This surprises me. The core of all modern analytic work in baseball is to determine the probability of a run scoring or being prevented. That’s the object of the game, after all—to score runs, and to prevent the other team from doing so. If one can determine the linear weight value of an event, we can determine just how valuable it is to a team’s chances for scoring and preventing runs.

I’m not telling you anything new here. This inductive process was begun decades ago, and is now almost universally accepted. The value of framing comes from this process, too. That’s what made Turkenkopf’s discovery so shocking. The method of discovery was analogous to that of the original linear weights process in the early 1980s, and yet it revealed scarcely believable results.

A more refined method was later innovated by the likes of Harry Pavlidis, Dan Brooks and even Dan Meyer in these very pages. The basic work is to tally every event that happens after a ball or a called strike in every single count. Brooks and Pavlidis also assigned gradational credit to each ball or called strike based on the probability of that ball being called in either direction, batter’s handedness and the actual pitch being thrown. Jonathan Judge then took it one step further, adjusting the results for the effects of the individual umpire’s zone tendencies, the effect of the hitter and the zone that they create, and the pitcher’s ability to hit or miss the edges of the zone.

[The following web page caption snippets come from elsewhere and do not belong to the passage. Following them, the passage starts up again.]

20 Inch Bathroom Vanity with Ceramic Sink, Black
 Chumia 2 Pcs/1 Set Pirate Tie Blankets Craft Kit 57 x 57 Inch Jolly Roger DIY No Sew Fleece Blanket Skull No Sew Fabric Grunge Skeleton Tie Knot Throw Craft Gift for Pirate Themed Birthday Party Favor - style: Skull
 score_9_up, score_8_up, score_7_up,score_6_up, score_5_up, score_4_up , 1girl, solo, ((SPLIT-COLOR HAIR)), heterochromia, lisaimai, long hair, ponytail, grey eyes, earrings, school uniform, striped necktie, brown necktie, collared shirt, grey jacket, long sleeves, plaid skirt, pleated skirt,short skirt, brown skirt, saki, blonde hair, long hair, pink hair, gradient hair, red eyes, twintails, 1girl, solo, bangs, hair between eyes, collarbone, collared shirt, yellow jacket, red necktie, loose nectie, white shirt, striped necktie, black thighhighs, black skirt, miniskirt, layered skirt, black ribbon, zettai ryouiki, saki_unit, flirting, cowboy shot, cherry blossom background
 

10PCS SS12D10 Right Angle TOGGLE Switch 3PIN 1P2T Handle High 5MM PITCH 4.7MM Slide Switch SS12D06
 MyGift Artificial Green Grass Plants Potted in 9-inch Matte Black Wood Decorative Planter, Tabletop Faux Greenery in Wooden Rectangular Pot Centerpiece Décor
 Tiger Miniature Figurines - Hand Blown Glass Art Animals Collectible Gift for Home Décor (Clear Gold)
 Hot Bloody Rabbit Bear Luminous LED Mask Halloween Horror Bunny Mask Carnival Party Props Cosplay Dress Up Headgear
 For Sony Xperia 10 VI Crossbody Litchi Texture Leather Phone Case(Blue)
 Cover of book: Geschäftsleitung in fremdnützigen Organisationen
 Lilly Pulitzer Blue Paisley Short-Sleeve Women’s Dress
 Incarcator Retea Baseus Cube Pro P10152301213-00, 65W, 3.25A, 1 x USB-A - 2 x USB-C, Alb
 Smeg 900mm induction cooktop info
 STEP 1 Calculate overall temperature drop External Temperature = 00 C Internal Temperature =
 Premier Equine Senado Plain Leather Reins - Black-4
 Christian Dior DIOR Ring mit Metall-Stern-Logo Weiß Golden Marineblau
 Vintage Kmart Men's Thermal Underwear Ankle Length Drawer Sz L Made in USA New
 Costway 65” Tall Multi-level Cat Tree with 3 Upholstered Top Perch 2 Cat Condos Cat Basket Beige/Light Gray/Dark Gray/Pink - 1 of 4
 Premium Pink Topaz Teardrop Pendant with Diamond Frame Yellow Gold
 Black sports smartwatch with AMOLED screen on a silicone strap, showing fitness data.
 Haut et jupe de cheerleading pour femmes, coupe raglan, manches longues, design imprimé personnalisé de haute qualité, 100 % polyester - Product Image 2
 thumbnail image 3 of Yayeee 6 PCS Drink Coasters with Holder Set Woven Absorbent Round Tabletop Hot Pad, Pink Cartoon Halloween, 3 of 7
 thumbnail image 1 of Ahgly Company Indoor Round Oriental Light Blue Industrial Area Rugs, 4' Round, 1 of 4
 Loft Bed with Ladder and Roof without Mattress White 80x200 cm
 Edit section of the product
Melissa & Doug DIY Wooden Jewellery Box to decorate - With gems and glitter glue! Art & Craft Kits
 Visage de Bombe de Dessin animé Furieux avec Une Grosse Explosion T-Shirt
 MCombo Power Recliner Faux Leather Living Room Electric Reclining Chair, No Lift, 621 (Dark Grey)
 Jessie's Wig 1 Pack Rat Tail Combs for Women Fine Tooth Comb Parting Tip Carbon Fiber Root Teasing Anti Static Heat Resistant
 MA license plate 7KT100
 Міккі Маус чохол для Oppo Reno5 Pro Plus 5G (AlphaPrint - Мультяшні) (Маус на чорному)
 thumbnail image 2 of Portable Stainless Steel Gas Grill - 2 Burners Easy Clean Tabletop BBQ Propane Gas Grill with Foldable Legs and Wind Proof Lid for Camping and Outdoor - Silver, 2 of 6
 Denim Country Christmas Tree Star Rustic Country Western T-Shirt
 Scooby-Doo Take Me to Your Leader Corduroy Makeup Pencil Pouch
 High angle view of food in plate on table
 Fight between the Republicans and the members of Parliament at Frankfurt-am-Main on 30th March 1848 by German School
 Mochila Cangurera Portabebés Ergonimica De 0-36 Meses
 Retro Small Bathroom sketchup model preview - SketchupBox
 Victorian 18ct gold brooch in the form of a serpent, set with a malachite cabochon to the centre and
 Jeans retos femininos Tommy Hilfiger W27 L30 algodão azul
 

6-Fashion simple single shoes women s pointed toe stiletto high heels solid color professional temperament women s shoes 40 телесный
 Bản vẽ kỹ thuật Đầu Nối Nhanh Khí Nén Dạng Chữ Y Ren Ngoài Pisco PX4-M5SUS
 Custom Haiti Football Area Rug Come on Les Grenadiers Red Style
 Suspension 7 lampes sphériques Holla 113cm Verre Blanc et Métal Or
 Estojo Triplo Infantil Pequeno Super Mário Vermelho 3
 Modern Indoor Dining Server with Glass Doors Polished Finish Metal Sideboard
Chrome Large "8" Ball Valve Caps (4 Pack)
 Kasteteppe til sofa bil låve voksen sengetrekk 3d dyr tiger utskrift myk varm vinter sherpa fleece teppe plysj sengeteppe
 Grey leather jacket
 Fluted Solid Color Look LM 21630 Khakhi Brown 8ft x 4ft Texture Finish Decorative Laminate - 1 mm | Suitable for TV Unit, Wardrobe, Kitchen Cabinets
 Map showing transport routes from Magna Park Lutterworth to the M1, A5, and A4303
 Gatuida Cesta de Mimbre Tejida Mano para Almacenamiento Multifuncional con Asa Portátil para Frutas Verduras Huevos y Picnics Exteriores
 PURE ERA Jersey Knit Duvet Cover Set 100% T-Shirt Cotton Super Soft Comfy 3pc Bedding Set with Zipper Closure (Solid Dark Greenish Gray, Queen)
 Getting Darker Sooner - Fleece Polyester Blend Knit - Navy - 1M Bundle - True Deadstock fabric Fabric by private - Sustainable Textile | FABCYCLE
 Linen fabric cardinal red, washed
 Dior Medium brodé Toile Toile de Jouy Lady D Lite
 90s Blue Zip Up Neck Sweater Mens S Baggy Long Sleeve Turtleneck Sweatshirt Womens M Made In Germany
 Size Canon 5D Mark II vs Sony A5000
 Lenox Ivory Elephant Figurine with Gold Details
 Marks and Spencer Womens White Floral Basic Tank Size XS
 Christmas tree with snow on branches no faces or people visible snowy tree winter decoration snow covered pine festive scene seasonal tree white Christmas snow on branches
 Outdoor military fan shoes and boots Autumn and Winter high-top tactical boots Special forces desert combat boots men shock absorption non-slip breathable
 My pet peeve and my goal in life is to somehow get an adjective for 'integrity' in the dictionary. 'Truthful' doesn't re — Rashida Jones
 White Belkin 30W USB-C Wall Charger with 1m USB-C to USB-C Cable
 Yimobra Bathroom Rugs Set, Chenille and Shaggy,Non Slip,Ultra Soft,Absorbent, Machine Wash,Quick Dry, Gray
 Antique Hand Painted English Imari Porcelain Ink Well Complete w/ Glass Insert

Once this process is done, we can find a linear weight value for a called strike and a ball. And sure enough, it sits between 0.13 and 0.16 runs, depending on the season. A sixth of a run on every extra called strike isn’t an arbitrary value. It wasn’t pulled out of a hat. It was inductively arrived upon, accounting for all necessary factors. Correlation studies demonstrate the strong in-season and year-to-year reliability of pitch framers. It is a genuine skill. That should be enough.

It is certainly enough for front offices. Once their own research began to push forward at the dawn of the first Obama administration, more and more good framers got everyday jobs, or at least backup positions if their bats couldn’t play. Young catchers were trained to pay attention to their receiving. Coaches like Jerry Weinstein preached not only the skill, but also the run values, too. Teams and executives got it.

Fans, writers and apparently managers just can’t pull the trigger. They still want to trust their senses, when empiricism teaches us to push past the limitations of subjective perception to arrive at a larger truth. Since 2008—the year of PITCHf/x’s arrival and the real beginning of pitch framing discourse—18 Gold Gloves have been awarded to catchers. Each league’s FRAA leader in each season since has gone empty-handed, except for Posey in 2016.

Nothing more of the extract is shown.